In this study the published guidance for QA in mammography was reviewed. The recommended performance tests for image acquisition, processing and display systems were discussed and compared. Noticeable variations exist in the proposed methods, test objects and phantoms. Also, reference values and acceptability criteria vary between protocols, which raises the question of whether it would be possible to have a mammography system complying with a test procedure and acceptability criteria, whereas using another test procedure the system would fail.

Harmonisation and best practices in mammography would benefit from more detailed guidance on the experimental methods for QC testing and recommendations of more affordable test equipment and materials that could be acquired by the majority of X-ray departments.
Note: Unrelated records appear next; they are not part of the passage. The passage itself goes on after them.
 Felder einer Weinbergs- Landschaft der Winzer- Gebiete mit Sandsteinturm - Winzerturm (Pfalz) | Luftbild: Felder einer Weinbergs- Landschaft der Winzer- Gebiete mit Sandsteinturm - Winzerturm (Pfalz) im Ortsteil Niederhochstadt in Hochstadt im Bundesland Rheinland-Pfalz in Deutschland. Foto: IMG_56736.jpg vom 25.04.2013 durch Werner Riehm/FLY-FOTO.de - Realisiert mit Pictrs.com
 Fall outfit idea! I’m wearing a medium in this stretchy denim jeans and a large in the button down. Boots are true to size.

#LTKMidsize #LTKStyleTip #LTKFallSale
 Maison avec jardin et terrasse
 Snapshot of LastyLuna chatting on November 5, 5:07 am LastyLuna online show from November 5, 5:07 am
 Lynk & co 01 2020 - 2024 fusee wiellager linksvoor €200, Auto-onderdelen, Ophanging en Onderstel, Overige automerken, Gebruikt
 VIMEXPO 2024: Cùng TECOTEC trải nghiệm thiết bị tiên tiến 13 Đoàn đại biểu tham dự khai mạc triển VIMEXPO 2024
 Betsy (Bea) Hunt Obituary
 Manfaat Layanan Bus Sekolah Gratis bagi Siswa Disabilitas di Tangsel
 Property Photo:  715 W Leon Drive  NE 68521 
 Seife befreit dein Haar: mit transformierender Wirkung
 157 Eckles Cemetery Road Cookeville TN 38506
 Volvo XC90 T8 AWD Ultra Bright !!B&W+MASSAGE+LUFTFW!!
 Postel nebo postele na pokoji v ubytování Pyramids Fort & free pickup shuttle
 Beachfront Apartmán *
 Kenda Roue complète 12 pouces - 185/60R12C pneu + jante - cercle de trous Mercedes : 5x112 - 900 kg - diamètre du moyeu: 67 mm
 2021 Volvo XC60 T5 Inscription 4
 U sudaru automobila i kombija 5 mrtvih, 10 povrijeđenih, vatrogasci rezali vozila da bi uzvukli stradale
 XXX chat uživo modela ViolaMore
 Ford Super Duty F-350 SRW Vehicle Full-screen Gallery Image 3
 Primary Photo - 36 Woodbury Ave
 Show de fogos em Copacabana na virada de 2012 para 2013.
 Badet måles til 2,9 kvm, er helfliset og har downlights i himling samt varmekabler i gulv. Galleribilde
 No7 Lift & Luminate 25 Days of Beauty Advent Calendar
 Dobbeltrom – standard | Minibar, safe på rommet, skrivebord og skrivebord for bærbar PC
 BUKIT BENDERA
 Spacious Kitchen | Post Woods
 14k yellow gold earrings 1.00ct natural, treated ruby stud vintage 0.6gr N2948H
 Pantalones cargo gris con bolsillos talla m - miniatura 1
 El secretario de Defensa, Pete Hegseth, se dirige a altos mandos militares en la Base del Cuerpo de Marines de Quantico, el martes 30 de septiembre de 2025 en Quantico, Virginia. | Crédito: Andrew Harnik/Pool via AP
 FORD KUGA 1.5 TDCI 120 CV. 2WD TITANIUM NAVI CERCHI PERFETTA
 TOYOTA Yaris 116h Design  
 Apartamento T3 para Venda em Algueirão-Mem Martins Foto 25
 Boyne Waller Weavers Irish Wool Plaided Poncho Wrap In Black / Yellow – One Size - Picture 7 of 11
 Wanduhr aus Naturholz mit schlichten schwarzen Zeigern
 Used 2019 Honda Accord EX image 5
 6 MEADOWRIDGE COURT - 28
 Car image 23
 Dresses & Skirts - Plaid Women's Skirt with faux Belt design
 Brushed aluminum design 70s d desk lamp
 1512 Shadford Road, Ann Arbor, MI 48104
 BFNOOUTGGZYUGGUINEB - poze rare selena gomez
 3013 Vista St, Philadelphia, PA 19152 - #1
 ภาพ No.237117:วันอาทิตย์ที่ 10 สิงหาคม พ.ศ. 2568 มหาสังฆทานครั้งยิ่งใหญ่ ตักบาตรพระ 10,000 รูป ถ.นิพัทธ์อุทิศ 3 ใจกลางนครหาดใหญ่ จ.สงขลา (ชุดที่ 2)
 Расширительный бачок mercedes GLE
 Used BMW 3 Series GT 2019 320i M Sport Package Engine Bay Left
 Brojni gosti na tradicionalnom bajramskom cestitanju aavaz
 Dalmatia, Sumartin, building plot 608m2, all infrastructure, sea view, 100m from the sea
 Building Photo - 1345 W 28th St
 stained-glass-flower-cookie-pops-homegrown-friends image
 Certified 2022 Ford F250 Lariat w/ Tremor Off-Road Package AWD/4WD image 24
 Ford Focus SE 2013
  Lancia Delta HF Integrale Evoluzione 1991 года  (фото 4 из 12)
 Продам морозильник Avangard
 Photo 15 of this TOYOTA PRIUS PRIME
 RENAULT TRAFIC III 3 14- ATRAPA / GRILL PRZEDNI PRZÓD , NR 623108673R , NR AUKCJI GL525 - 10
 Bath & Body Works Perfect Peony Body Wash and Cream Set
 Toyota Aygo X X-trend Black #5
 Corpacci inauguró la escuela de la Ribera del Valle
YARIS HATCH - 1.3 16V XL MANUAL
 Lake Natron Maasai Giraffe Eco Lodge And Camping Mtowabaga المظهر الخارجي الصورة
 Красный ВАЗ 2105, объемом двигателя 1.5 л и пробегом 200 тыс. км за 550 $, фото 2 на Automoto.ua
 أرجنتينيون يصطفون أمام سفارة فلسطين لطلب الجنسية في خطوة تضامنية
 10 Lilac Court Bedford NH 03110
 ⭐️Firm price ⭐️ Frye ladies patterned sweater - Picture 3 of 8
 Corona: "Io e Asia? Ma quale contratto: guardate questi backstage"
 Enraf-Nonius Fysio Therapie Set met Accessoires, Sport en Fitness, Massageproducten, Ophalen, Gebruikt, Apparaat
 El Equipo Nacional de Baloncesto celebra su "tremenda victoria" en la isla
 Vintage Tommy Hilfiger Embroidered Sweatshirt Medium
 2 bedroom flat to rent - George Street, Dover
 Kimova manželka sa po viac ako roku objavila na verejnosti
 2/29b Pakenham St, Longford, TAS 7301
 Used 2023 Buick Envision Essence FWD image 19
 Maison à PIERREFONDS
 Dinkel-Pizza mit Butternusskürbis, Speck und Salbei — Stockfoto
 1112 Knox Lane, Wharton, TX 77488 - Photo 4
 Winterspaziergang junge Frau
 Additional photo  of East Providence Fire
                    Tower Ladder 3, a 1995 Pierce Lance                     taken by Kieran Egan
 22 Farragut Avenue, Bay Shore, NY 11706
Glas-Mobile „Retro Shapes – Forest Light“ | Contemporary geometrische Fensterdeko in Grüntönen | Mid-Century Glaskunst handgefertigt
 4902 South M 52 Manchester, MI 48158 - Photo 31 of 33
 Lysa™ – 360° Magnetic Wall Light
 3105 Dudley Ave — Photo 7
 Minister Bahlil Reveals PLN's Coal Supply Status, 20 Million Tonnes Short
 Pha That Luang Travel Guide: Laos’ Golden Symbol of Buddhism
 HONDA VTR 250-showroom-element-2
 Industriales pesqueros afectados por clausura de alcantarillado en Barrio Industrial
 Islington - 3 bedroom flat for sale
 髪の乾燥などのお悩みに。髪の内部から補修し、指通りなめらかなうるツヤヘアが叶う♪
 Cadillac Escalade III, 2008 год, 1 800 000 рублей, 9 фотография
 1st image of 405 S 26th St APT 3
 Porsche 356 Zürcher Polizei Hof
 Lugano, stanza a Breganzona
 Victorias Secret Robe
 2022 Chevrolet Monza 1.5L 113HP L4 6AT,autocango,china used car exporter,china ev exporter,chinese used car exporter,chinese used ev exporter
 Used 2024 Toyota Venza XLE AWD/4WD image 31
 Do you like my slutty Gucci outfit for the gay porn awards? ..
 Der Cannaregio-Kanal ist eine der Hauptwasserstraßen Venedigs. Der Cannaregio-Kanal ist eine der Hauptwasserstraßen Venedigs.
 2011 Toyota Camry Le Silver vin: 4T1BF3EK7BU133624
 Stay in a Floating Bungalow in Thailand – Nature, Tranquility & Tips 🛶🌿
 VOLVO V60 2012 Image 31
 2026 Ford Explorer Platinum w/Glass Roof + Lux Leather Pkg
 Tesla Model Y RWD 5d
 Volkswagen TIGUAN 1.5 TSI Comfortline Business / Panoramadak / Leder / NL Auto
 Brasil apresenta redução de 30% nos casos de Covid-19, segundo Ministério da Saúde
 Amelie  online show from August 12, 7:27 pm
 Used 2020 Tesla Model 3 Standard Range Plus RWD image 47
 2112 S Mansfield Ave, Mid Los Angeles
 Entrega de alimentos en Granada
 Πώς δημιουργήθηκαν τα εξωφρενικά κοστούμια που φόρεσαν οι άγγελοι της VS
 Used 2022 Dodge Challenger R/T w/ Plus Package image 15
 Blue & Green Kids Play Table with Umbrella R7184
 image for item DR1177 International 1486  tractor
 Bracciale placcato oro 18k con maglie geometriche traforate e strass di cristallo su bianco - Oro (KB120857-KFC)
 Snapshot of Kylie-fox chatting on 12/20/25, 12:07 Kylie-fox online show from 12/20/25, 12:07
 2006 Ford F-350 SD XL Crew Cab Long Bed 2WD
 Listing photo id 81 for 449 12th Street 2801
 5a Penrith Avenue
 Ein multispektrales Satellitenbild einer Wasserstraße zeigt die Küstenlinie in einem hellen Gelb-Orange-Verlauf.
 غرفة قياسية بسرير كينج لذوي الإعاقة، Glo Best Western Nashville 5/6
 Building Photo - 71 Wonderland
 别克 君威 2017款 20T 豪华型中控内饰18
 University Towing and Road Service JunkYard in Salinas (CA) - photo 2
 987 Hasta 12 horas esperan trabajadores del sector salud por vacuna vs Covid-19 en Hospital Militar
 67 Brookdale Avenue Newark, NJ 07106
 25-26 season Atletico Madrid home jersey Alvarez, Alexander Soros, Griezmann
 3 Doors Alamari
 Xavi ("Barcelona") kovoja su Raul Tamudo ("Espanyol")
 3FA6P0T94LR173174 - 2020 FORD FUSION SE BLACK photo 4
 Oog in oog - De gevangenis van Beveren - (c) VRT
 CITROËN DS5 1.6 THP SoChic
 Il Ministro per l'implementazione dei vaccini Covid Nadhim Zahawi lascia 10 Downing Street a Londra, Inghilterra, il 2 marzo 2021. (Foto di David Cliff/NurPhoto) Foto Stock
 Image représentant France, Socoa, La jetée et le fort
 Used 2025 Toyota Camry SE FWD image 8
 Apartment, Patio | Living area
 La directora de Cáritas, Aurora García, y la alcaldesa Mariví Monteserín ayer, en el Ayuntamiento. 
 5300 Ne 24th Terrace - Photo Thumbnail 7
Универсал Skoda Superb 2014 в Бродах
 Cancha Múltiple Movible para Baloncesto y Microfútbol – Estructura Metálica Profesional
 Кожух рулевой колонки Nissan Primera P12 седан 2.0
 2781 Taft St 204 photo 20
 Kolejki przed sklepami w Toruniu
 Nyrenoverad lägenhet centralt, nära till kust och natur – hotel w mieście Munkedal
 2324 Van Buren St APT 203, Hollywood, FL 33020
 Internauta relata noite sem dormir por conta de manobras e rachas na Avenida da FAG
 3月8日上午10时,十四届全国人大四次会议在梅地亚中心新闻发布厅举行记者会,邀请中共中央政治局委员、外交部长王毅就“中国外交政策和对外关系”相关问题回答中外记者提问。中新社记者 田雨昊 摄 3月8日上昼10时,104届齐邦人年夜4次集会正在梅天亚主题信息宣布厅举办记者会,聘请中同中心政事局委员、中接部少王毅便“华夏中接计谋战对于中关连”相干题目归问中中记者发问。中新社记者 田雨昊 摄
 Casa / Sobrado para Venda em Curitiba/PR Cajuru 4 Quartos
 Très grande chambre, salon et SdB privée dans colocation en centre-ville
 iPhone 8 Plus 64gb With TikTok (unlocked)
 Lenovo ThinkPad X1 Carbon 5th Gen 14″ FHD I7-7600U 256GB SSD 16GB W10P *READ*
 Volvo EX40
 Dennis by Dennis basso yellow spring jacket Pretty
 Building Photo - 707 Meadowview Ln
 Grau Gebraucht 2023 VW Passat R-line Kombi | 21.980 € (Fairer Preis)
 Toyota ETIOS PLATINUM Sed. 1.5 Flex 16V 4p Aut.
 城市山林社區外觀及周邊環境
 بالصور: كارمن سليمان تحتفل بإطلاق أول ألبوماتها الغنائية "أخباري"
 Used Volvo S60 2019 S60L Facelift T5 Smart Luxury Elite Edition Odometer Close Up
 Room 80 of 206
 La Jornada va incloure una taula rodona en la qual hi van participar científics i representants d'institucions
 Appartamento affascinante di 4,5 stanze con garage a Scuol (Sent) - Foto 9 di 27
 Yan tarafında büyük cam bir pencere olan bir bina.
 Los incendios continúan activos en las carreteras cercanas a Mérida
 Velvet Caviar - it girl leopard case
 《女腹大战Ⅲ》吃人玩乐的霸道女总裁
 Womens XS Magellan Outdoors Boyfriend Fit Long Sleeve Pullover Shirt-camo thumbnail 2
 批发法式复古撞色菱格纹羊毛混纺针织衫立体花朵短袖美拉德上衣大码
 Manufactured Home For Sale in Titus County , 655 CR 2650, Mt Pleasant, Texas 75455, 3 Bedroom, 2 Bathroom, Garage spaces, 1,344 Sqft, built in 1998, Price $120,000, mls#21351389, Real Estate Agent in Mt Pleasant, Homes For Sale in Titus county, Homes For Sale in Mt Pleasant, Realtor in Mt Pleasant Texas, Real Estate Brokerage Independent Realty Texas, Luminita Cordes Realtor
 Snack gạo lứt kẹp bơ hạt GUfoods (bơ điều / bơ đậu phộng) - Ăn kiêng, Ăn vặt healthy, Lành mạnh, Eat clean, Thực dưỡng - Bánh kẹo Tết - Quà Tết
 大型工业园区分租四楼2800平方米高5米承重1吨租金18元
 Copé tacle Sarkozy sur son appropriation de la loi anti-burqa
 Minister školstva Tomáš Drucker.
When a recommended protocol cannot be implemented in full, a selection of tests may be adequate. Selection criteria should take into consideration resources and expertise available and the relevance of the tests to local practices. It should be noted to highlight the value of testing the AEC system, which is a simple procedure to implement that provides valuable information on the overall performance of the mammography system.

A key factor to promote the success of a QA program for mammography is teamwork and the collaboration of all key staff (e.g. radiographers, radiologists, medical physicists and healthcare managers). Training and continuous feedback mechanisms are essential to improve the testing procedures and strengthen the outcomes of the program.

Also, the use of professional networks and special interest groups to exchange experiences with colleagues worldwide can be of great value in the initial phases of implementation of a mammography QA program.